Pada akhirnya kita butuh juga kehadiran pemulung. Oleh sebab itu tak perlu memaki-maki pemulung. Apalagi sampai membencinya sedemikian rupa hanya karena "kejahatan" yang dilakukan oleh segelintir pemulung.
Ya, segelintir. Sebab tidak semua pemulung culas. Mengambil kesempatan dalam kesempitan. Kita tidak bisa menyamaratakan semua pemulung demikian. Karena ada juga pemulung yang budiman. Nasib saja yang menjadikannya seorang pemulung.
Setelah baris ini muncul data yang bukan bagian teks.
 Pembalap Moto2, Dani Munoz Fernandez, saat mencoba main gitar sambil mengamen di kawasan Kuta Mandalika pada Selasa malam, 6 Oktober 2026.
Persoalan culas. Curang atau maling terselubung. Tidak bisa dinilai dari penampilannya. Hanya karena pemulung penampilannya seperti itu bukan berarti ia seorang maling. Meski ada yang begitu.
Kaum berdasi pun ada yang memiliki watak seperti itu. Bahkan banyak. Jadi tak bijak mencaci pemulung seenak udel. Toh kita juga butuh. Apalagi dalam kondisi pasca bencana.
Waspada. Itu yang harus dilakukan. Berhati-hati menjadi kunci keamanan dan keselamatan. Jika sudah bersikap seperti itu tetapi masih kejadian juga. Berarti sudah takdirnya hilang. Sudah bukan rezeki kita untuk memiliki barang tersebut.Â
Tak harus mengotori hati dengan cacian. Mencaci pemulung tetapi setelah itu mencari-carinya. Tak elok bukan? (EP)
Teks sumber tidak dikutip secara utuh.